Texas colleges, of course, are no exception. The cost of providing remedial education at state-funded colleges has jumped from $38.6 million in the 1988-89 budget cycle to $153.4 million in the current two-year budget period, according to the Texas Higher Education Coordinating Board.
At ACC, officials estimate that over one third of its 25,000 students will take some type of non-credit remedial education class based on how they score on the Texas Academic Skills Program test. For example, a student performing poorly on the TASP might be placed in non-credit Basic Math Skills. Before he can begin to take math courses for credit he must first pass Basic Math Skills, Pre-Algebra, Elementary Algebra, and Intermediate Algebra -- all without credit -- as well as pass the TASP test. However, the student may retake the TASP test at any time and move immediately to credit coursework if he passes. If Kaplan is promising that it can better prepare students to pass the TASP test -- and therefore speed students through their basic skills requirements -- perhaps it should not be surprising that Kaplan might be called in to do the ACC job.
A Textbook Case
Kaplan currently works with several two-year colleges, including South Carolina's Greenville Tech, whose president, Thomas Barton, claims Kaplan has been "a blessing" to the college since it hired them last spring. According to Barton, about 40% of Greenville's 10,000 students take non-credit remedial classes. The average student spends at least part of three semesters on such work, he said. Barton said he won't have any tangible evidence of Kaplan's impact until the end of the spring semester, but he said anecdotal evidence suggests the company is worth the several hundred thousand dollars the school is spending for the outside help.
"They've been a great help in helping us streamline our program so we can get students in, get them tested, and get them out into a program of their choice," said Barton, adding that the Greenville-area industry is clamoring for workers with an associate's degree. "That's what this program is all about: making darn sure our students have the proper basic skills training to pursue their future educational goals. If we don't do that, we've failed."
At Greenville, Kaplan employs a full-time administrative manager and uses Greenville's own faculty to teach its curriculum. Kaplan's techniques include having math students explain in writing how they are trying to solve mathematical problems, and assigning students "learning contracts" -- lists of specific skills they will acquire in each unit of instruction -- instead of tests and papers. At first, Barton said, some Greenville faculty were concerned about Kaplan's presence, but with teachers' jobs still intact, and their input on the curriculum still solicited, those fears have pretty much vanished, Barton observed.

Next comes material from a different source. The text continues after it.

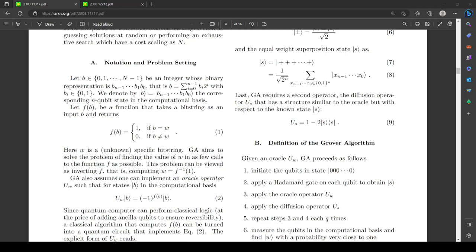Grover's original paper states: assume that for any state S, the condition C(S) can be evaluated in unit time. The problem is to identify the state Sv. So we have this function and we want to find b equals w. However, here you can see the jump — Grover's algorithm also assumes one can implement an oracle operator such that for states in the computational basis, certain operations hold. But the implementation doesn't have to be gate-based. I'm doing Grover's algorithm, I have my quantum circuit set up, and then I have some environmental effect I can induce which is an oracle operator — I don't know what the gates are.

Of course, that is not to say ACC will experience a similar happy ending with Kaplan, at least not if the faculty has anything to say on the matter. Fonte acknowledges that "change, particularly in instructional methodology, is always difficult." But he said the school must be open to different ideas if it wants to continue to be "on the cutting edge."
Still, faculty members remain wary of Fonte's plans, at least where Kaplan is concerned.
"I tend to see programs like Kaplan like the Borg on Star Trek, assimilating everyone. We don't have books to look at or techniques to study [from Kaplan], and they have no real curricular background," said Hillman. "If I seem confused, it's because I am. I'd hate to be a guinea pig."